No matter the circumstances when someone dies, we tend to haul out the same old clichés. Part of it is probably our fear of hurting someone by saying “the wrong thing.” Part of it is that we are so overwhelmed by emotions that we don’t know what we really think. But a good part of it is also our general discomfort with grief.
For most of us, the raw reality of losing someone (or seeing someone else suffer such a loss) is too much for us to address honestly and fully. It demands vulnerability – the admission of weakness, dependence, and the fear that we’ve come to the end of our rope – and because of this we try to brush it off, or skirt it by means of pat phrases. And when that doesn’t work we treat it like a speed bump: slowing down because we have to, but then hurrying on as quickly as possible.
Sometimes we do this for ourselves, in the hope that if we can pick ourselves up again and “move on,” we can limit our pain. Sometimes, worried what others will think about us if we don’t pull ourselves together soon, we mask our pain by bottling it up silently.
Common as it is to try to deal with grief in this way, it does not work. Hide it, talk around it, postpone it, pretend it isn’t there – in the long run, grief will never go away until it is met head on and allowed to run its course. Given the unique circumstances that shape every loss, the time this takes will vary with every person. Tragically, time isn’t always granted, as Gina, a young woman I know, found out.

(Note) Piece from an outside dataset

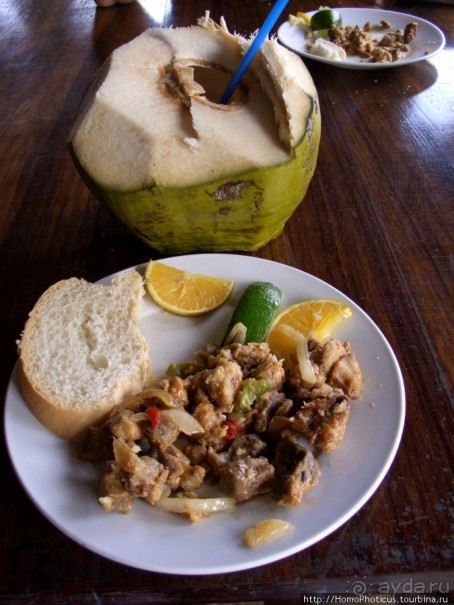 К индейцам и крокодилам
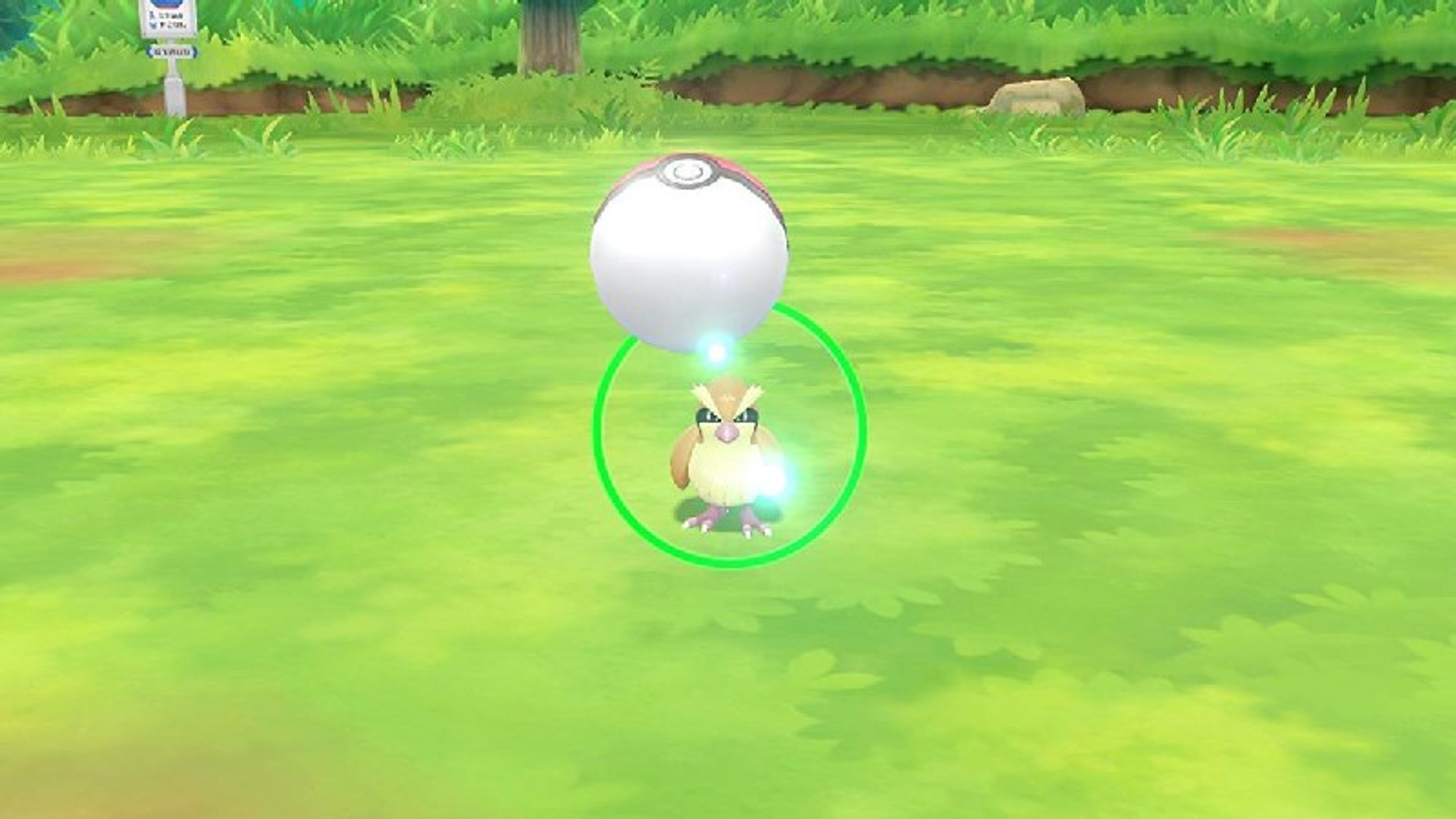 Scena z gry Pokemon: brązowe stworzenie podobne do sowy jest blisko białej i różowej piłki na zielonej trawie.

When Tom, Gina’s sixteen-year-old brother, died of an overdose several years ago, she was devastated. “In a way, I’m still not through dealing with it,” she says. Friends and acquaintances were sympathetic at first, but after a while they grew tired of her inability to “move on” and made her feel guilty that she was still struggling:
I tried to explain, but they never really understood me. It seemed like they expected my life to be “normal” again. I often went through times of sadness, bitterness, and other painful emotions, but people were uncomfortable with this. I was so alone.